I know that my father will most likely never get the letter, but I had to write it and post it, in order to be done with it, because I have been feeling desperate to end this hell and make things better between him and I. Writing it helped me to release some of my pain and posting it helped me to feel like I was doing something to help protect myself from being hurt even more. But it will probably not do any good aside from this, because, even if my father gets it, and even IF he was free to privately read and process and respond to it, he probably would not be receptive to it, because he has been so brainwashed against me. I was going to take the letter down and accept the fact that the new extension of the pain filled wall, which my sisters recently built between my father and I, will have to remain there even longer... and possibly for the rest of his life if he does not really return home and get neutral and considerate help there for him...etc. :-( But I decided to keep it up at least until I am in a better place to make a decision.
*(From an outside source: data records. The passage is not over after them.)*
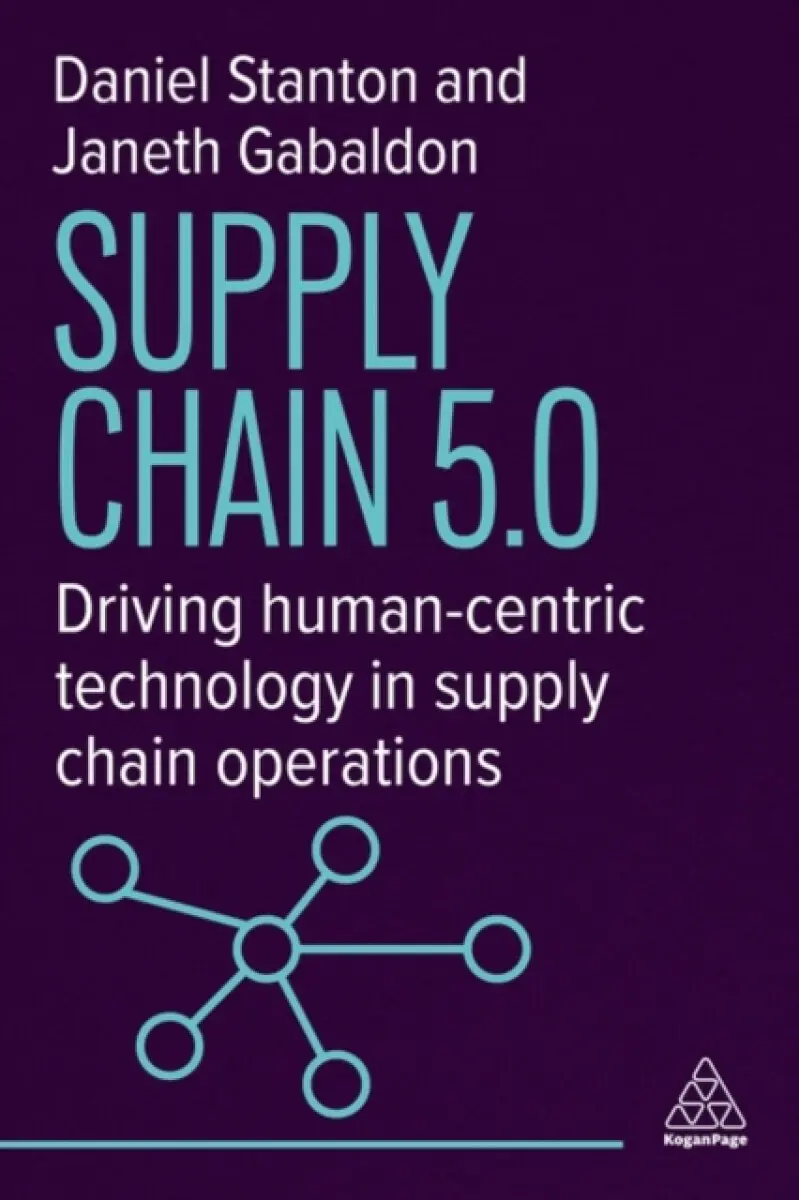Supply Chain 5.0 - Daniel Stanton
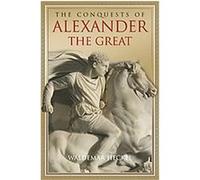The Conquest of Alexander the Great, Key Conflicts of Classical Antiquity Waldemar Heckel (Auteur)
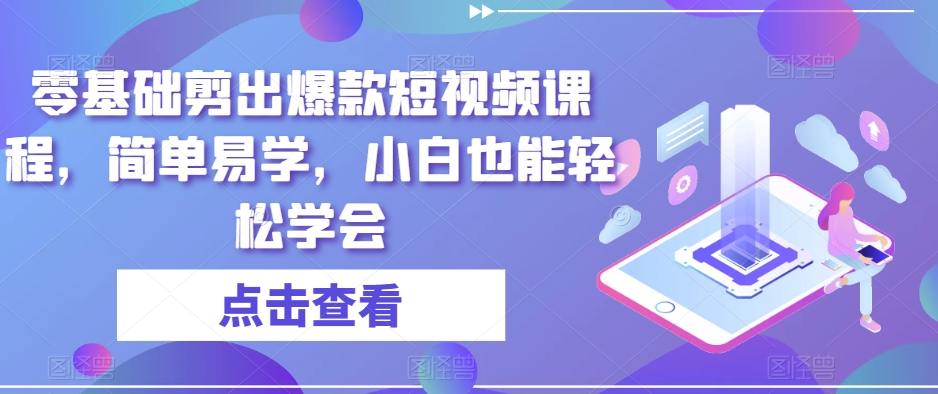 零基础剪出爆款短视频课程，简单易学，小白也能轻松学会-千城资源网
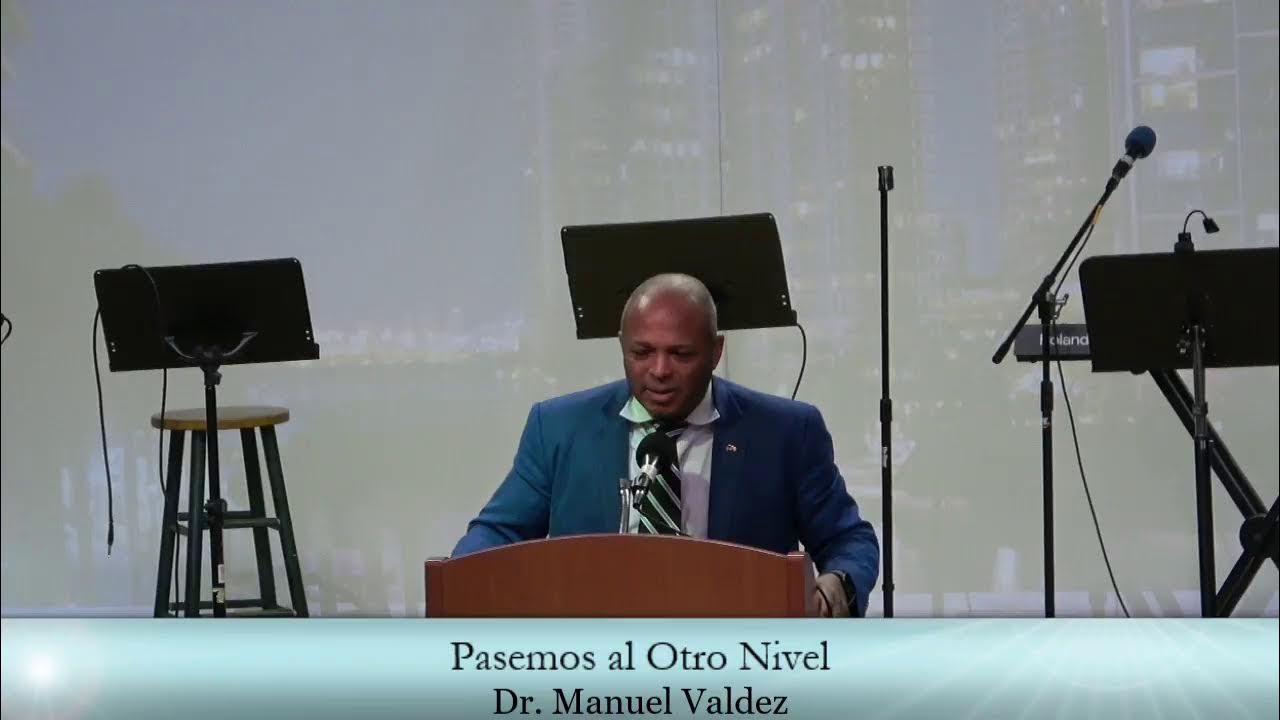 Pasemos al Otro Nivel by Dr. Manuel Valdez YouTube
I am VERY overwhelmed. Other stuff is a bit of a distraction for me right now, but not a positive one....everywhere I look hell is happening and its just too much. I need and want PEACE in ALL arenas. But I feel darkness brewing, in various places, and I just can't shake it. However there is Light in the REAL Truth and standing up with it can help. I'm still standing.

P.S. I had some concern that my letter may be too overwhelming for my father right now, but decided that he just does not have to read it, or be presented with it, if it is too much for him to handle right now. It was up to the discretion of him and people who show him things. I actually think that my father is functioning a LOT better than my sisters portrayed when they were trying to justify taking him out of his own home and isolating him in Ohio. And I think that he probably had lost private communication long before they took him there; I think he lost it when my sisters forced a new phone and TV upon him, even though he did not need or want them and even though it confused him and created hardship for him.

P.S.S. As for my last stand in my family; it started out being a stand for my father. Then it became my defense against the attacks on me. Overall, I went from one extreme to the opposite extreme; from way too much silence to the complete opposite - going for the jugular (so to speak) - relentlessly blasting out the truth after every attack against me, instead of letting them make me back down and shut up. I am not sorry, even though I know I went overboard, because I was honest and truly was never being "hateful" or "mean" like they said I was. I was blatantly honest and direct, because this is just the way I sometimes am... and I am not going to change. Perhaps it had to happen this way, because it naturally did. Sometimes people need to get blasted - slammed up against a wall so to speak. Sometimes it is the best thing to do. But now that is over and in the future I will probably settle into a heathier middle ground. But I have no intentions of reopening that door to my sisters soon, if ever. I see no positive change in them and this makes it a dead end street. I still must stay away from them for the sake of my safety and wellbeing. And it appears that there is nothing more I can do to make things better for my father. Time will tell what they do and if my stand helped him at all. There appears to be nothing I can do in the judicial system either, because i tried that too and two police departments told me that there was nothing they can do with the info I gave them, which is understandable, because this is an unusual situation that is hard to prove. There are no provable physical crimes. Its time for me to let it go, but I am still standing up with the truth. The following song is a good depiction of what I have been saying to my sisters.

Wild Hearts Can't Be Broken
https://youtu.be/OL4LNg-iyY4

P.S. But my heart still aches for my father and their last destruction of what little was left of our relationship last may. Hopefully our relationship can improve and time will tell if he even wants it to.

P.S.S. I did remove the letter to my father from this blog. It didn't feel right to make it public either.